Exercise prompt: Below are the records; return every line from the one that contains "this 1400×842 image." to the last, exactly, skipping the pictures.
Extracted records START
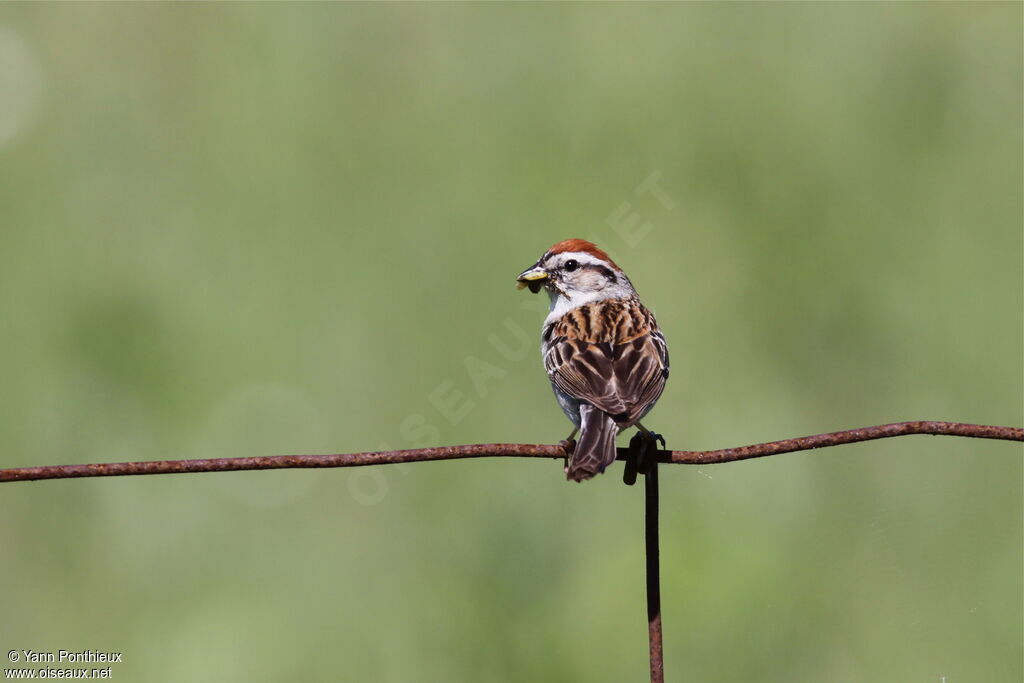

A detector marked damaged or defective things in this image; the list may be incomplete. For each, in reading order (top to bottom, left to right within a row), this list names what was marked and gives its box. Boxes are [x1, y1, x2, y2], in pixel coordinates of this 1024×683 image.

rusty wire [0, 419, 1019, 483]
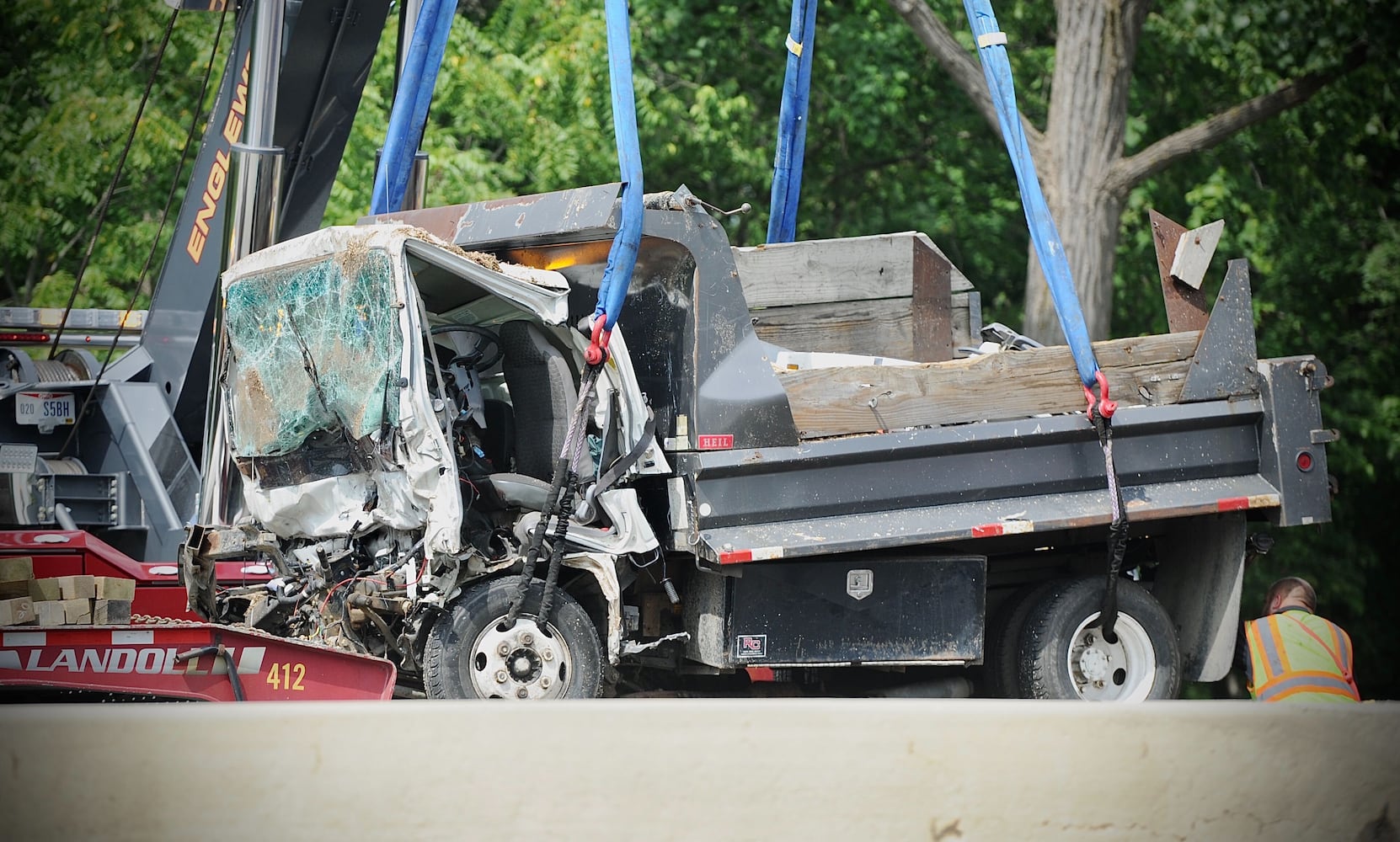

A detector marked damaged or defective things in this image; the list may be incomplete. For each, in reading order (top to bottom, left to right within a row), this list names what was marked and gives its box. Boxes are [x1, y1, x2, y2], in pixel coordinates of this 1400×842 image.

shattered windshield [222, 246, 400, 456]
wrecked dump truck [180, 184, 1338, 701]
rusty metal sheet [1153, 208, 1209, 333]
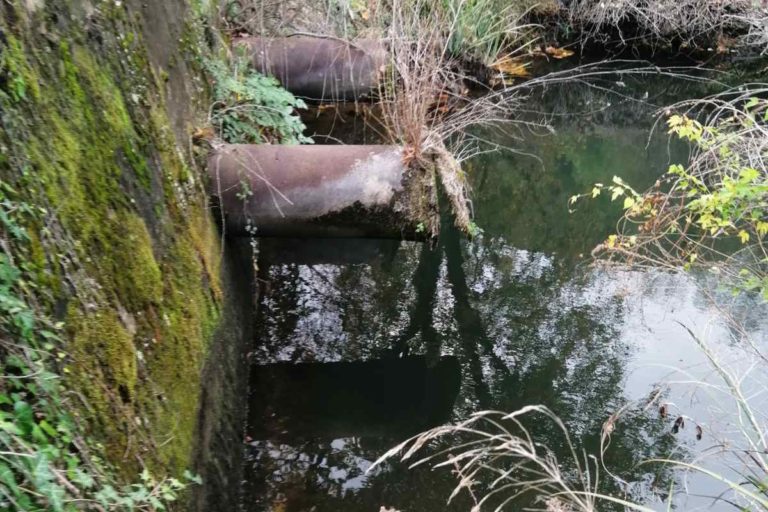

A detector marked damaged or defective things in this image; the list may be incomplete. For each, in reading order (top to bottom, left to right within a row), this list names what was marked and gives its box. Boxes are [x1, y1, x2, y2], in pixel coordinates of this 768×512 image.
Extracted records END
Task answer:
A detector marked damaged or defective things in this image; the list may be incomplete. For each, in reading order (top to bottom, left to right within a row), this list names what was marked and gives its box. Boxes are [x1, y1, x2, y2], in pixel coordinates of this 1400×842 image.

shattered windshield [222, 246, 400, 456]
wrecked dump truck [180, 184, 1338, 701]
rusty metal sheet [1153, 208, 1209, 333]

A detector marked damaged or defective things in this image; the list may be incomplete. For each, in reading order (top to bottom, left to right within a row), this list names what was marked and gives its box. Boxes are [x1, y1, x2, y2], in pixel coordinates of this 768×512 image.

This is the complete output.